18. Implementing negative array subscripts in Perl 6

A few days ago, we saw how Perl 6 checks the syntax if you are trying to index an array with negative indices. Since then, I was thinking about implementing the support of @a[-1]. It was not that easy, that’s why I did not demonstrate this last time 🙂

Before going further, a small disclaimer. Negative indices are not allowed in Perl 6 for a reason. Unfortunately, this is not very clear from the documentation why. It is said that you should use @a[* - 1], which is equivalent to @a[@a.elems - 1], but no further explanation follows. There is the following phrase in the old design document: ‘Negative subscripts are never allowed for standard subscripts unless the subscript is declared modular.’ So, today, I will ignore this restriction assuming that I don’t understand the limitation completely (actually, at the end of the post you will see what kind of additional problems arise if you allow negative indices). My goal here is just to see how it can be done internally. (Update: also, see the comment to the post for some thoughts about forbidding negative indices.)

First, once again look at the place in src/Perl6/Actions.nqp (the file tightly connected with the Perl 6 Grammar), that implements the behaviour of the [] postcircumfix brackets. If it detects a negative index, a compile-time exception is thrown.

method postcircumfix:sym<[ ]>($/) {
    my $past := QAST::Op.new( :name('&postcircumfix:<[ ]>'), :op('call'), :node($/) );
    if $<semilist> {
        my $c := $/;
        my $ast := $<semilist>.ast;
        $past.push($ast) if nqp::istype($ast, QAST::Stmts);
        if $ast.ann('multislice') {
            $past.name('&postcircumfix:<[; ]>');
        # for nqp::split(';', ~$<semilist>) {
        #     my $ix := $_ ~~ / [ ^ | '..' ] \s* <( '-' \d+ )> \s* $ /;
        #     if $ix {
        #         $c.obs("a negative " ~ $ix ~ " subscript to index from the end", "a function such as *" ~ $ix);
        #     }
        # }
    make WANTED($past, '.[]');

Here, I already commented out the code to remove the check. Of course, it would be too naïve to think that this solves the task.

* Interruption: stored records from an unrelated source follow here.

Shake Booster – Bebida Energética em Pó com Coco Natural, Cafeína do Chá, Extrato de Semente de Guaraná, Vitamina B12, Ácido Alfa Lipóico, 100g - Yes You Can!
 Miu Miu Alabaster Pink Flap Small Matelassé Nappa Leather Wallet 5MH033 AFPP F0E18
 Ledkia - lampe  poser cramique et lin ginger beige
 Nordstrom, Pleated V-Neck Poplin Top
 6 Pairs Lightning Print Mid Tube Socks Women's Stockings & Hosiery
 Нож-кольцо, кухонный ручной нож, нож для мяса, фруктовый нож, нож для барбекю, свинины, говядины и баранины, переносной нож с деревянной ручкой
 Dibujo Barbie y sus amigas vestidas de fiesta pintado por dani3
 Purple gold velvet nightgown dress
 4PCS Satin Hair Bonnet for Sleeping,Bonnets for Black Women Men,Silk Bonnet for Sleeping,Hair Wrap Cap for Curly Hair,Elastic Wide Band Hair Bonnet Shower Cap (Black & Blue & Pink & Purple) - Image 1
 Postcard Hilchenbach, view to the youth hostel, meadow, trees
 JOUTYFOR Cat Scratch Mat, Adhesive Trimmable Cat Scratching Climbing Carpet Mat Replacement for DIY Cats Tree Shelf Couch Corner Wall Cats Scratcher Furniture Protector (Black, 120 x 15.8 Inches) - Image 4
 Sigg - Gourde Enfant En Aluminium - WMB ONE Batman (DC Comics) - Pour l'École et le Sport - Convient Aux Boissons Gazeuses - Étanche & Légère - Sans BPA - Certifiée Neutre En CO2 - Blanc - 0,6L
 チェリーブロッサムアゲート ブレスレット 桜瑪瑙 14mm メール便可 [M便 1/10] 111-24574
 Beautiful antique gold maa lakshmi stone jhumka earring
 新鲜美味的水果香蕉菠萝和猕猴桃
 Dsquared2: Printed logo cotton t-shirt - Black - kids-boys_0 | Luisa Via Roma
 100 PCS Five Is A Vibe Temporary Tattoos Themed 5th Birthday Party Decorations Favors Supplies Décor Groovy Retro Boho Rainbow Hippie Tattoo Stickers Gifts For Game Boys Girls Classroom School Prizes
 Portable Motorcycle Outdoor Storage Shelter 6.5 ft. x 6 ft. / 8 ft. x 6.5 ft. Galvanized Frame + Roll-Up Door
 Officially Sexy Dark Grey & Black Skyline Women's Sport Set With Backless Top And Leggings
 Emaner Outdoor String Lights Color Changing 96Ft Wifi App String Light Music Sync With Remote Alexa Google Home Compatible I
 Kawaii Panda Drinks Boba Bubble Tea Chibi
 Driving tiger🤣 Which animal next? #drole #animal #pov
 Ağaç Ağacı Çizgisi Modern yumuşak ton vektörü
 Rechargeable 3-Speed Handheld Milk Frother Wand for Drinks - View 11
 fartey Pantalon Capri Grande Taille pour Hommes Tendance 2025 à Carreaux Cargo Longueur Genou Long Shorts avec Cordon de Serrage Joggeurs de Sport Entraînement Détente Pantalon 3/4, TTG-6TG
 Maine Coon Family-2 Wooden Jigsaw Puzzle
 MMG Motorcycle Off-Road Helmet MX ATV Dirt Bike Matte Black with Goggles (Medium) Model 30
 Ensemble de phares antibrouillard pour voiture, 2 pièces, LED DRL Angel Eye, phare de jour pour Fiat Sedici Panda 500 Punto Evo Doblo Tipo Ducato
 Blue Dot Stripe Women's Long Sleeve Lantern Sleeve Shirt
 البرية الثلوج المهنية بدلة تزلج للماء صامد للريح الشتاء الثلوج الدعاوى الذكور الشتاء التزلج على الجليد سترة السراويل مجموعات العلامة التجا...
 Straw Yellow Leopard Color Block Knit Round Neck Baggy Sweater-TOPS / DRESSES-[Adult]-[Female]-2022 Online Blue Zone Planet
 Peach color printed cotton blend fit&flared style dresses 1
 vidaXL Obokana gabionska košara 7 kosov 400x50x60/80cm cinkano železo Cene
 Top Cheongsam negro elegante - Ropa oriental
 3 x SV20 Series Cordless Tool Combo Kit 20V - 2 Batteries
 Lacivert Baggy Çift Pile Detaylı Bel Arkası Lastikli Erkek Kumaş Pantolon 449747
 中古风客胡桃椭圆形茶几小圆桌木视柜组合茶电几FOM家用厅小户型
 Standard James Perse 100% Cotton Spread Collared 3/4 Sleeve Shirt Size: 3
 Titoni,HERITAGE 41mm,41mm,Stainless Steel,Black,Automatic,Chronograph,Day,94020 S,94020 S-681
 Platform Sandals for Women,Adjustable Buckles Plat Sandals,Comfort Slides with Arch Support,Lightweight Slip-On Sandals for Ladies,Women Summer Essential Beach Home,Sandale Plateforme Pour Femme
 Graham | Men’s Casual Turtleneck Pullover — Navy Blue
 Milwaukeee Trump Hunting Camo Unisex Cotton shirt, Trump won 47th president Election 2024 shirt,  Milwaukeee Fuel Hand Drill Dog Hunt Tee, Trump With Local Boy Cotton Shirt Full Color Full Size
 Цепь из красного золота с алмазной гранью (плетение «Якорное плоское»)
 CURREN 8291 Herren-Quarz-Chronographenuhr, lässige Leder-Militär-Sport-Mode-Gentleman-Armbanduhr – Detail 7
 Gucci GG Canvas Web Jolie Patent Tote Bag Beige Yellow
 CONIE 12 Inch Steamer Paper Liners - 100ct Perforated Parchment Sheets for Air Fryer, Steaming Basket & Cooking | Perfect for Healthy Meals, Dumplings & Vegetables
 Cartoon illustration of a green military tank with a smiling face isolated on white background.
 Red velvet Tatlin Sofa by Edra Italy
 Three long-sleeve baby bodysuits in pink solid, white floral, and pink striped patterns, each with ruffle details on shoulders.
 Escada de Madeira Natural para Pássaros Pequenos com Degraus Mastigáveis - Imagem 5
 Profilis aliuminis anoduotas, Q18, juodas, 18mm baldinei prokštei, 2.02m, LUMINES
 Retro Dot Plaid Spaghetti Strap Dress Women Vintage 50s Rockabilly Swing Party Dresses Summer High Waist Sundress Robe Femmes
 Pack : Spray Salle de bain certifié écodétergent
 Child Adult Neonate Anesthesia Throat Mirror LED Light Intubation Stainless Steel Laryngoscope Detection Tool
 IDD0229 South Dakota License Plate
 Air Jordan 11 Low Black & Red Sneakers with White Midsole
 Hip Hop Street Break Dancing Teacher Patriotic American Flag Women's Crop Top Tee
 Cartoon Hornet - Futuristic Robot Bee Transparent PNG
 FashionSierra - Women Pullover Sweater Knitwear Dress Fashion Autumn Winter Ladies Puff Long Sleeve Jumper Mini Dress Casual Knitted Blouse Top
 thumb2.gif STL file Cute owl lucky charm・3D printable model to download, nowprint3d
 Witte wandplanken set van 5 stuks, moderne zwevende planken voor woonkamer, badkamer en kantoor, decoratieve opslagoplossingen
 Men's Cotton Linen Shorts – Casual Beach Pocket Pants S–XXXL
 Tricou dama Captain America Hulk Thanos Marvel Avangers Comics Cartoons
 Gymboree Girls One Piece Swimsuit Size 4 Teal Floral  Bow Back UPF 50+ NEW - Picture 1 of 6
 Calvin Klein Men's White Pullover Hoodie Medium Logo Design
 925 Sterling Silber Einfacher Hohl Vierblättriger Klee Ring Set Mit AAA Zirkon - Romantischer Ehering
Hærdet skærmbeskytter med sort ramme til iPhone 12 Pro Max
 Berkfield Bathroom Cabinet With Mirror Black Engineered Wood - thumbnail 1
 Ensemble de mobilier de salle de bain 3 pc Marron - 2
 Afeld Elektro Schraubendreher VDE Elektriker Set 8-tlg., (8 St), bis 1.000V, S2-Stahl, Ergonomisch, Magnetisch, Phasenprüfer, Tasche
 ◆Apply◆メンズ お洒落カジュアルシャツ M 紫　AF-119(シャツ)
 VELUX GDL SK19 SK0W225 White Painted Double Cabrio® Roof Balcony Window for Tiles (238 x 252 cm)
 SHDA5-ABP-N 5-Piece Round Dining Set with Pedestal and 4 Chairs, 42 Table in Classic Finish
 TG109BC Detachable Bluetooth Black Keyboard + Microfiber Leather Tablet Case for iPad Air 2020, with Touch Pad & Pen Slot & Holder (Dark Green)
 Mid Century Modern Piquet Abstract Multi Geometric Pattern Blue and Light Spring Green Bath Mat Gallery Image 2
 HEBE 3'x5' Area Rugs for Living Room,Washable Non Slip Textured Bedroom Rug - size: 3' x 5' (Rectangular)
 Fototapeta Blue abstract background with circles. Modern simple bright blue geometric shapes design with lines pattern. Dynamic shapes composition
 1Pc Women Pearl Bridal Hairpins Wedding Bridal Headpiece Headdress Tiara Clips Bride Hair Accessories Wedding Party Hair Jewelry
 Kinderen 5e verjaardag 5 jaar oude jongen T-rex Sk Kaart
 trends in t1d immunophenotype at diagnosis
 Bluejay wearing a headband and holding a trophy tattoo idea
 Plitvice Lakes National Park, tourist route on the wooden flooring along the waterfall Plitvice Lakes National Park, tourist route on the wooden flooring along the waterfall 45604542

First, let us try to de-parse what is happening here. The if check looks at the presence of $<semilist>. What is it? Refer to the Grammar (in src/Perl6/Grammar.nqp):

token postcircumfix:sym<[ ]> {
    :my $*QSIGIL := '';
    '[' ~ ']' [ <.ws> <semilist> ]

So,  <semilist> contains everything in-between the brackets. In the method above, we work with its content as with a string:

for nqp::split(';', ~$<semilist>) {
    . . .

That looks promising but it is not possible just to assign a new string value there, so that when the program sees a negative index N, it replaces it with the * - N string, letting Perl parse it further.

The $<semilist> object is not a string, as you can see from, for example, the following usage of it: $<semilist>.ast. My next idea was to build a piece of AST to replace the negative index. I rejected this idea as soon as I saw the AST output of a simple @a[*-1] call:

$ perl6 --target=ast -e'my @a; say @a[*-1]'
. . .
 - QAST::Stmts 
 - QAST::WVal(Array) 
 - QAST::Stmts <sunk> my @a; say @a[*-1]
     - QAST::Stmt <sunk> my @a
     - QAST::Var(lexical @a) <sinkok> :statement_id<?> @a
     - QAST::Stmt <sunk final> say @a[*-1]
     - QAST::Want <sunk>
         - QAST::Op(call &say) <sunk> :statement_id<?> say @a[*-1]
         - QAST::Op(call &postcircumfix:<[ ]>) <wanted> [*-1]
             - QAST::Var(lexical @a) <wanted> @a
             - QAST::Stmts <wanted> *-1
             - QAST::Op(p6capturelex) <wanted> :statement_id<?> :past_block<?> :code_object<?>
                 - QAST::Op(callmethod clone) 
                 - QAST::WVal(WhateverCode) :past_block<?> :code_object<?>
         - v
         - QAST::Op(p6sink) 
         - QAST::Op(call &say) <sunk> :statement_id<?> say @a[*-1]
             - QAST::Op(call &postcircumfix:<[ ]>) <wanted> [*-1]
             - QAST::Var(lexical @a) <wanted> @a
             - QAST::Stmts <wanted> *-1
                 - QAST::Op(p6capturelex) <wanted> :statement_id<?> :past_block<?> :code_object<?>
                 - QAST::Op(callmethod clone) 
                     - QAST::WVal(WhateverCode) :past_block<?> :code_object<?>
 - QAST::WVal(Nil)

It looks to scary to reproduce. A different approach is needed.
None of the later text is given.